Average Fertility Rate: 2.11
Average Fertility rate in urban areas: 1.7
Average fertility rate in rural areas: 2.3


Bihar has the highest crude birth rate and fertility rate(3.41) whereas Sikkim has lowest Fertility rate(1.17).

**Total Fertility Rate(TFR)** is defined as average number of children that would be born to a woman .The total fertility rate is a more direct measure of the level of fertility than the birth rate, since it refers to births per woman. This indicator shows the potential for population change in a country. A TFR of about 2.1 children per woman is called replacement-level fertility, which means a population that is stable, neither rising nor falling. 

In [138]:
pop_struc_df_clean['Sex Ratio']= round((pop_struc_df_clean['Female'] / pop_struc_df_clean['Male'])*1000,2)

In [139]:
colors_sexratio_age = []
for sr in pop_struc_df_clean['Sex Ratio']:    
    if sr > 1000:
        colors_sexratio_age.append('rgba(49,130,189,0.8)')
    else:
        colors_sexratio_age.append('rgba(204,204,204,1)')

In [140]:
trace = bar_plot(pop_struc_df_clean['Age group'],pop_struc_df_clean['Sex Ratio'],colors_sexratio_age,T = pop_struc_df_clean['Sex Ratio'],TP='auto')
data = [trace]
layout = dict(title = 'Sex Ratio by Age group(2011)',
              yaxis = dict(title = 'Sex Ratio'))
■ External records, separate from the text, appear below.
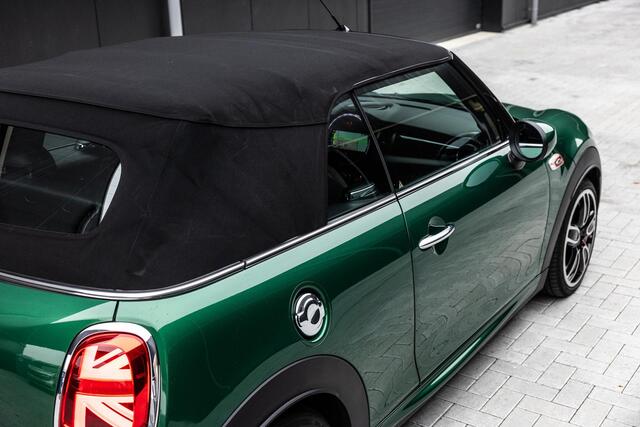 Mini John Cooper Works Mini Cabrio 2.0 Chili | 231pk | Harman/Kardon | Adaptieve Cruise Control | Sfeerverlichting | Sportstoelen | Union Jack Achterlichten | HUD | Groot Navigatie |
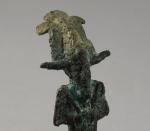 ÉGYPTE - Basse Époque
OSIRIS. Bronze à patine verte

Haut. 6 cm.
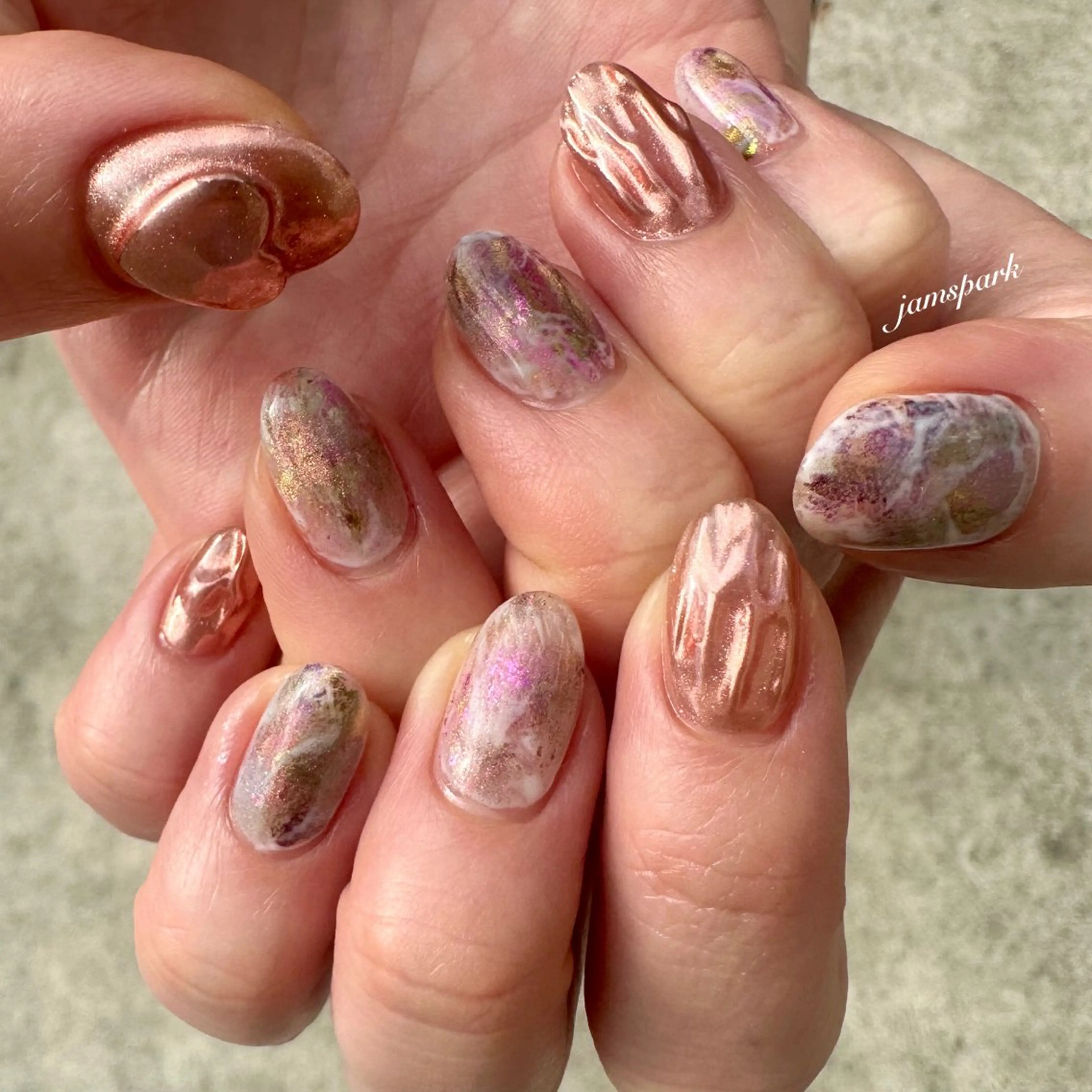 ネイル ゴールド ハート キラキラネイル ミラーネイル ニュアンスネイル ハンドネイル jamspark ✨のネイルデザイン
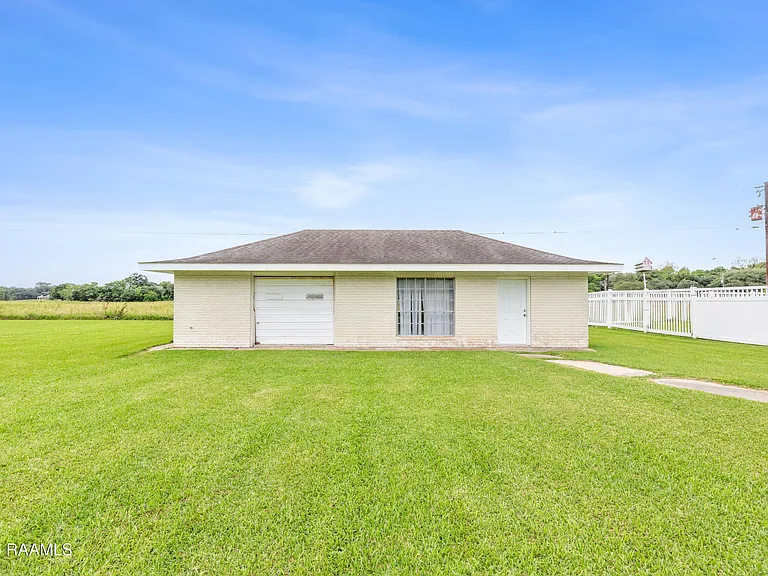 2508 Ferris Rd — Photo 5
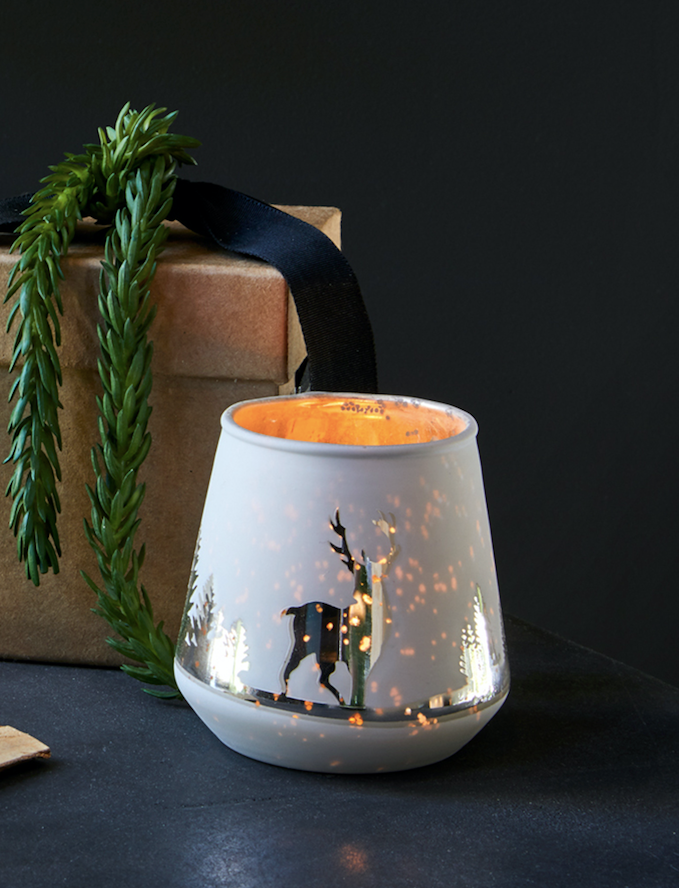 Vaikse öö teeküünlaalus 2 tk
fig = {'data':data,'layout':layout}
iplot(fig)

- Bar coloured in blue indicates number of Female higher than number of male.
- 59% of the age groups have sex ratio below 1000.

In [141]:
a = pop_struc_df_clean.iloc[:,1:4]
tot_pop = a['Total'].sum()


age_group_0_14 = pd.DataFrame((a.iloc[:3,:].sum(axis = 0) / tot_pop)*100).reset_index()
trace_1 = go.Bar(
                 x = age_group_0_14['index'],
                 y = age_group_0_14[0],  
                 name = 'Age group 0-14',
                 marker = dict(color = 'rgba(255, 255, 128, 0.5)',
                              line=dict(color='rgb(0,0,0)',width=1.5))
                )

age_grp_15_64 = pd.DataFrame((a.iloc[3:13,:].sum(axis = 0) / tot_pop)*100).reset_index()
trace_2 = go.Bar(  
                 x = age_grp_15_64['index'],
                 y = age_grp_15_64[0],
                 name = 'Age Group 15-64',
                 marker=dict(color='rgba(120, 300, 100, 0.5)',
                             line= dict(color = 'rgb(0,0,0)',width = 1.5))
                 )
 

age_grp_64_abv = pd.DataFrame((a.iloc[13:-1,:].sum(axis = 0) / tot_pop)*100).reset_index()
trace_3 = go.Bar( 
                x = age_grp_64_abv['index'],
                y = age_grp_64_abv[0],
                name = 'Age group 64 & above',
                marker = dict(color = 'rgba(255, 174, 128, 0.5)',
                              line=dict(color='rgb(0,0,0)',width=1.5)))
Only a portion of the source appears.